On 01/06/17 at 05:49pm, Xunlei Pang wrote:
Check the number of cpus for x86_64 kdump kernel to boot with.
We met an issue for x86_64: kdump runs out of vectors with the
default "nr_cpus=1", when requesting tons of irqs.
This patch detects such situation and warns users about the risk.
Signed-off-by: Xunlei Pang <xlpang(a)redhat.com>
- When detecting risky cpu vectors, we just warn users instead of
modifying "nr_cpus=X" forcely.
- Improved code comments.
- Replaced nr_old with nr_origin, and improved some logic.
- Improved the code according to Dave's suggestions.
kdumpctl | 73 ++++++++++++++++++++++++++++++++++++++++++++++++++++++++++++++++
1 file changed, 73 insertions(+)
diff --git a/kdumpctl b/kdumpctl
index b2068cc..9dfc9e2 100755
@@ -105,6 +105,77 @@ append_cmdline()
+# Check the number of cpus for kdump kernel to boot with.

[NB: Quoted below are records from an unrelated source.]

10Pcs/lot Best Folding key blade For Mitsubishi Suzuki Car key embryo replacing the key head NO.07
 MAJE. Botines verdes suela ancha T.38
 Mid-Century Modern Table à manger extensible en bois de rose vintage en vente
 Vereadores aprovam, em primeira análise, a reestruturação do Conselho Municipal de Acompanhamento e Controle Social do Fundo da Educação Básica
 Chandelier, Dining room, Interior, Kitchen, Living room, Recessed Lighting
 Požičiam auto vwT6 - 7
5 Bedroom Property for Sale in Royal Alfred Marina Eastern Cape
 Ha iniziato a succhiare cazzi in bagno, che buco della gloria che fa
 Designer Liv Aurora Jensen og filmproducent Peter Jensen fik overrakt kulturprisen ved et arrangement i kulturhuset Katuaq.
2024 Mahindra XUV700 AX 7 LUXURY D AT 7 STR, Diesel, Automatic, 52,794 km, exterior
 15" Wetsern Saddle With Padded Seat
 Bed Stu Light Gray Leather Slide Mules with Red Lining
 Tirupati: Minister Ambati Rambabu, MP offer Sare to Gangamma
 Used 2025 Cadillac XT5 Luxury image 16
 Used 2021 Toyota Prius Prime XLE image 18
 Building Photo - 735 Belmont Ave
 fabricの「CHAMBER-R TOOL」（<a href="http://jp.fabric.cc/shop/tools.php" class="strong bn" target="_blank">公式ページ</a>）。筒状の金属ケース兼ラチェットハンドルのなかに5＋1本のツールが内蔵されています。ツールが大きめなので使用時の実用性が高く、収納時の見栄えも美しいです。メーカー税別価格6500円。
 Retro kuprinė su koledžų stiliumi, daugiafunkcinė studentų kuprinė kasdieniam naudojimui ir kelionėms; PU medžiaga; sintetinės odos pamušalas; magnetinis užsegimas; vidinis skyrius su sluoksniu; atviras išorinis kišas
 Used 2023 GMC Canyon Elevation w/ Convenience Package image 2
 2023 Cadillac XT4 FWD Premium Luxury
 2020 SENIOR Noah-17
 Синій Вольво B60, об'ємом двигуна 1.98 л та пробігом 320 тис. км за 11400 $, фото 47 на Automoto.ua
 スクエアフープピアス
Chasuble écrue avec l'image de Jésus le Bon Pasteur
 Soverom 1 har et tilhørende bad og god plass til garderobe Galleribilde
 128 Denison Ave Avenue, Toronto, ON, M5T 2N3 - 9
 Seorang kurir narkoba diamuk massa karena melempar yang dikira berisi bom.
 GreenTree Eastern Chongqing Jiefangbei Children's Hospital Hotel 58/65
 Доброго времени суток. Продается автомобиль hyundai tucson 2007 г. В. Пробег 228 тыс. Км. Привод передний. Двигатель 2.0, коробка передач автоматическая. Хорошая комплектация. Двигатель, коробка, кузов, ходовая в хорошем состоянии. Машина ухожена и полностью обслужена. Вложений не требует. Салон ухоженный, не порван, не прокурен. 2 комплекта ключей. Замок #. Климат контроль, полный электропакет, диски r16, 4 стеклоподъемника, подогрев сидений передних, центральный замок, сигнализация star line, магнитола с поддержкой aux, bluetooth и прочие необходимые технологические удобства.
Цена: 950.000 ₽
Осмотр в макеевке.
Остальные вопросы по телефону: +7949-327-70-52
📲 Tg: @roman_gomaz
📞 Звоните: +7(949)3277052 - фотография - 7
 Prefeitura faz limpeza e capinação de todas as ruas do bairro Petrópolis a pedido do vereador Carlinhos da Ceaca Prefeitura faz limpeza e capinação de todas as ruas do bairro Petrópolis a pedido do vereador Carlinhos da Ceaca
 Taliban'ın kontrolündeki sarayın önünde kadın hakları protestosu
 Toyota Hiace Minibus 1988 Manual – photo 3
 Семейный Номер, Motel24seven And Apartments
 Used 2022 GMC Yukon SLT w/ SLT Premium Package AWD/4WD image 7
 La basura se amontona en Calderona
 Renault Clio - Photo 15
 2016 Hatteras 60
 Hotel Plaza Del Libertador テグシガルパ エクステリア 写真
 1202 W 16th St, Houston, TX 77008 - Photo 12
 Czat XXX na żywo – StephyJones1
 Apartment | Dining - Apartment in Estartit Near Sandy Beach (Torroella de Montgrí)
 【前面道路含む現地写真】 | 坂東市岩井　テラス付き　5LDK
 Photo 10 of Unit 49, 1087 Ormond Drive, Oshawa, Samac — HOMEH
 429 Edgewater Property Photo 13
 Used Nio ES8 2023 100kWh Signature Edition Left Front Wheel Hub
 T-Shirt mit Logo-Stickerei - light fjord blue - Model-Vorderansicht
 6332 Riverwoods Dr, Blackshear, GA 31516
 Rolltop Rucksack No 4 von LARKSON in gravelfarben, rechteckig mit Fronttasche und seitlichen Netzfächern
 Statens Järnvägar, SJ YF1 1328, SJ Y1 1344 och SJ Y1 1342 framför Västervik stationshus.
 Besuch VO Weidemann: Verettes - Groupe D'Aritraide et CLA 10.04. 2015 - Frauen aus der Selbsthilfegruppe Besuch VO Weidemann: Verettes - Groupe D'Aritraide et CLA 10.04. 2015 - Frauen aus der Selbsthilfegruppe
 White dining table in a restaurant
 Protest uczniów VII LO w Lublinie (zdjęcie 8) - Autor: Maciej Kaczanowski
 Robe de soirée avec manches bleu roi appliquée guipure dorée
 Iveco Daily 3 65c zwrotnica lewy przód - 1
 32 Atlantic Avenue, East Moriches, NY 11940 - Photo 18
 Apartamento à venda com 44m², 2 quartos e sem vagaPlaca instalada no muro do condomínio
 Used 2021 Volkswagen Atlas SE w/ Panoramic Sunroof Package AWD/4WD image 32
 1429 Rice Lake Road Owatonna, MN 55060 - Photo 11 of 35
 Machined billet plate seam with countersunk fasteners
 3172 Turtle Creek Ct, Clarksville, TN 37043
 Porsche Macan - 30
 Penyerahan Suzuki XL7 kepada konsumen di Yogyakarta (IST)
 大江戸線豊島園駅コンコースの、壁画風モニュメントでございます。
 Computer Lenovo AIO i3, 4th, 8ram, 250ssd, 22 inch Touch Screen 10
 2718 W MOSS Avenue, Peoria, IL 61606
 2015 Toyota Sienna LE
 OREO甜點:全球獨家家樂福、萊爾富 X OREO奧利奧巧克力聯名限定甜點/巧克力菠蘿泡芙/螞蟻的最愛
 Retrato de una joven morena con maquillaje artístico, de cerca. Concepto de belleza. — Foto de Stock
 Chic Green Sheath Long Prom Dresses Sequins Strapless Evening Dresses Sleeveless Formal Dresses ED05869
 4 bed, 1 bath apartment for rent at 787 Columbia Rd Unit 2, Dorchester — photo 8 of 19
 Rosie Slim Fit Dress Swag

+# We met an issue for x86_64: kdump runs out of vectors with
+# "nr_cpus=1" when requesting tons of irqs, so here we check
+# "nr_cpus=X" and warn users if kdump probably can't work.
+ local nr nr_search nr_origin nr_min nr_max
+ local arch=$(uname -m) cmdline=$KDUMP_COMMANDLINE
+ # Special treatment for x86_64 only currently.
+ if [ $arch != "x86_64" ]; then
+ # We only care about "nr_cpus=X" format for x86.
+ nr_search=$(echo $cmdline | grep -o "nr_cpus=[0-9]*" | cut -d "="
-f2 | grep "[0-9]" | sort)
+ # In case there are multiple "nr_cpus=X", get the lowest non-zero value.
+ for nr in $nr_search; do
+ if [ $nr -gt 0 ]; then
+ if [ -z "$nr_origin" ]; then
How about just echo $cmdline | grep -e "nr_cpus=1[[:space:]]"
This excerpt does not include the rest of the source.